While at school at the Central School for Tibetans in Mussoorie, my classmates and I used to sing a song that went, “Chocho mangmi la madro, haapen bholo yoki rae”, which translates to “O brother don’t go to the army, they will make you wear those loose half-pants”. Although we sang this song in every grade, it was only years later that the true meaning of those words finally dawned on me. Each year as the seniors graduated, we would see trucks waiting at the school gate – Indian Army trucks, all set to cart many of the graduating students off to the barracks for training. At the time I was confused, and wondered why these new graduates were not simply going home.
It was only much later that I came to understand the involvement of Tibetans in the Indian Army. This is an issue that has still received scant attention, much less acknowledgement of the achievements of the Tibetan soldiers in the name of the Indian state. Indeed, to this day India has never officially recognised this debt, though Tibetans, around 10,000 of them, continue to serve in the Indian Army.

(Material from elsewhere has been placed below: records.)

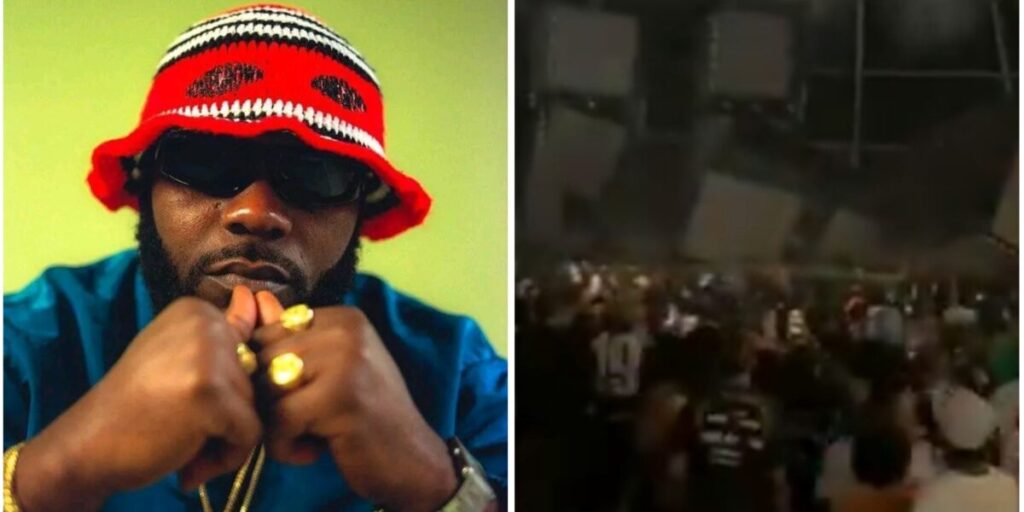 Shocking Video Shows Stage Collapse During Odumodublvck’s Performance, Sparking Fears for Rapper’s Safety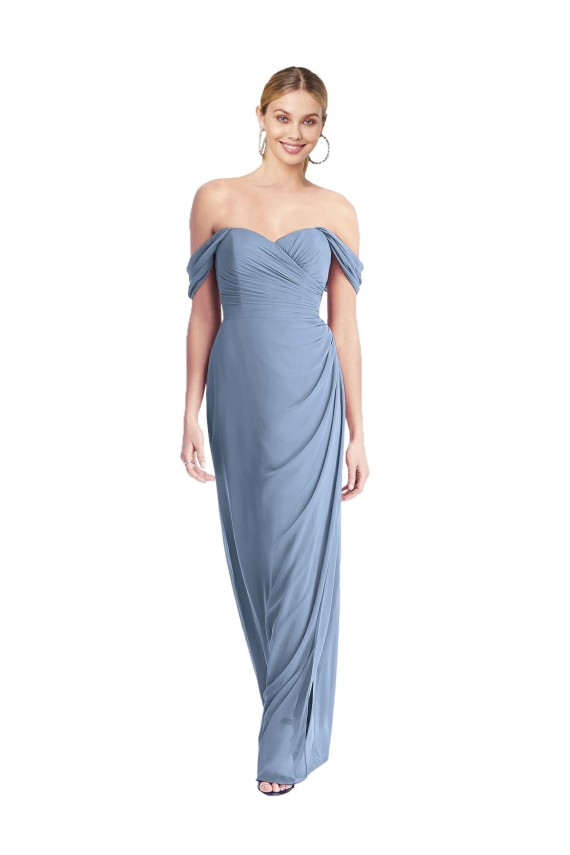 Dusty Blue Off the Shoulder Sleeveless Low Back Mermaid Semi Formal Evening Dress / Bridesmaid Dress Townsville
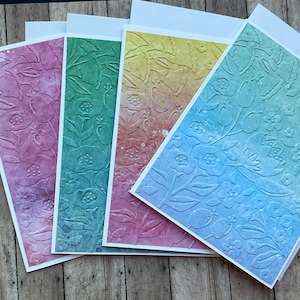 Blumen Collage geprägte Karten auf Aquarell Karton, jeder Anlass, leere Notecards mit Umschlägen, perfekt für Geburtstag oder Dankeschön-Notizen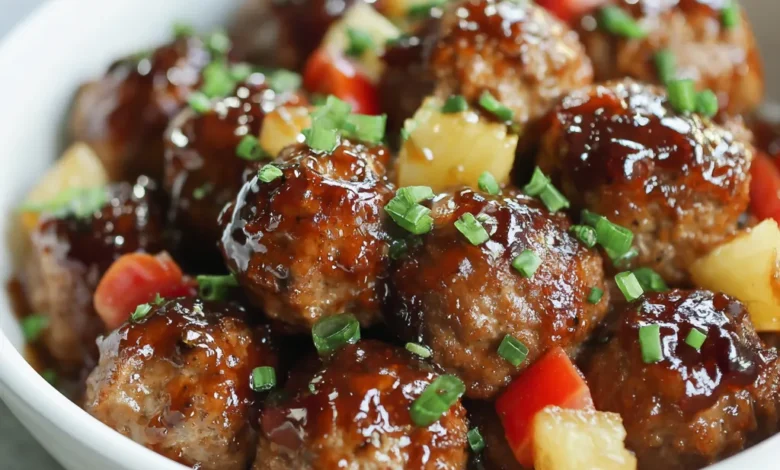 Mini Hawaiian Meatballs for Game Day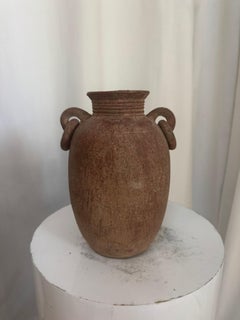 Antique Handcrafted Earthenware Amphora Vase with Looped Handles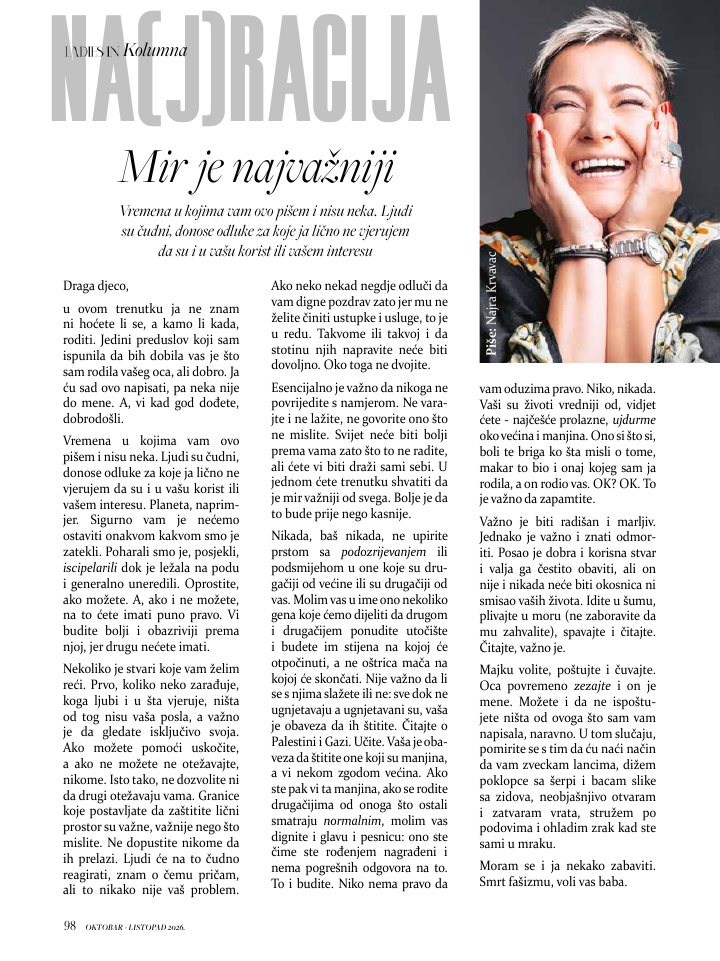 Na(j)racija – Mir je najvažniji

India’s Tibetan troops have traditionally made up the vast majority of the Special Frontier Force, widely known as the SFF, which has been guarding Indian borders for 45 years. Following the Sino-Indian War of 1962, the SFF was created in Chakrata, around 100 km from Dehradun, a town with a large Tibetan refugee population. While a second force, the Indo-Tibetan Border Police (ITBP), was also created in the same year, its mandate was border patrol, while the SFF focused on guerrilla warfare. Later on, all of the Tibetans with the ITBP were sent to Chakrata, and the ITBP remained Tibetan largely in name only.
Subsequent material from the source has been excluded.